ALR Kyle Harris Back Article

PUSH With Your Elbows DON’T Pull With Your Arms

Once you’ve mastered the ability to use your hands as hooks, the next thing you need to do is think less about PULLING with your arms or hands and think more about PUSHING the weight back or down with your elbows.  I often envision a pad underneath my elbows (for pull downs) or behind my elbows (during rows).  I focus on pushing this imaginary pad down or backward to move the weight.  By utilizing the false grip and creating a mental environment of “pushing” the elbows, I’m able to focus and using back power, not biceps power!

Initiate Movement With The Scapula

Next, when starting from the stretched position, initiate the movement with your scapula.  During pull downs, the scapula should initiate the movement by rotating down, inward, and back.  Next, you want to lead with the elbows by “pushing” the imaginary pad discussed earlier.  For rows, you will do the same, but the downward movement of the scapula will be much less.

Perfect Posture/Positioning
Perfect posture is essential to building a great back for multiple reasons.  First and foremost, with improper posture and body positioning you are going to invite injury.  It’s impossible to build the perfect body or a huge back when you’re laid up.  Secondly, proper positioning and posture allows you to shift the stress and load on the back properly, resulting in better muscle fiber innervation and stimulation.  To get into the perfect posture you must think BIG CHEST & BIG GLUTES!  Your lower back (lumbar region) should maintain an arch.  This arch should be slightly greater than your natural lumbar curvature.  Secondly, you’ll want to bring your shoulders down and back while pushing your chest out.  You will need to maintain this positioning throughout the entire movement.  This perfect posture is even more important for exercises such as bent over rows and dead lifts.

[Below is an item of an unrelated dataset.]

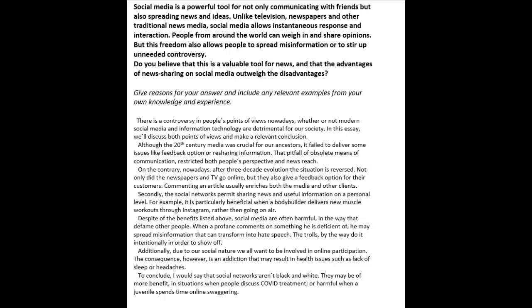Hi there, Pavel. Let's take a look at this essay that you've sent about social media. Do you believe this is a valuable tool for news and the advantages of news sharing on social media?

Feel The Stretch/Stretching Techniques
On with the movement!  At the top of any back movement (except dead lifts and heavy rowing) it is CRUCIAL to get a good stretch in the right places.  Where are these right places?  Throughout the shoulder blades and belly of the lats.  This gets difficult as the weight increases and repetitions decrease.  Be careful though, because it takes some practice to be able to maintain proper posture and perform a full repetition to allow lat stretch and scapula rotation.

Feel The Squeeze
You’ve felt the stretch at the top of the motion.  You are using your hands as hooks.  You’ve initiated movement with the scapula, and you are pushing the “imaginary pads” back or down with your elbows.  Now, you must be sure to perform a full rep and feel a good squeeze at the bottom of the movement.  That is, after you’ve completed to concentric part of your lift, you must squeeze the muscle at peak contraction and hold it for up to a second.  Be sure to fight and FEEL the negative portion before you completely return to the stretch position.

Constant Tension
Although it is absolute that you build your back workouts around basic exercises such as the dead lift, pull-up, and barbell row, you must also include types of exercises that induce constant tension.  These are mostly exercises that assist the lifter in limiting moment to initiate movement.  The best examples are those exercises in which you use a cable, such as seated rows and lat pull downs.  When performing these exercises, one must not forget the aforementioned principles, and in addition, the lifter must concentrate on the mind muscle connection to create a state of constant tension.  Constant tension refers to the muscle(s) being under stress (concentric, peak contraction, eccentric, stretched) throughout the full duration of your set.  That means no resting or relaxing and absolutely NO cheating or swinging, unless it is to get that very last rep.  Cheating is only acceptable after you have reached your repetition goal or if you have reached failure at 1 repetition short of your goal.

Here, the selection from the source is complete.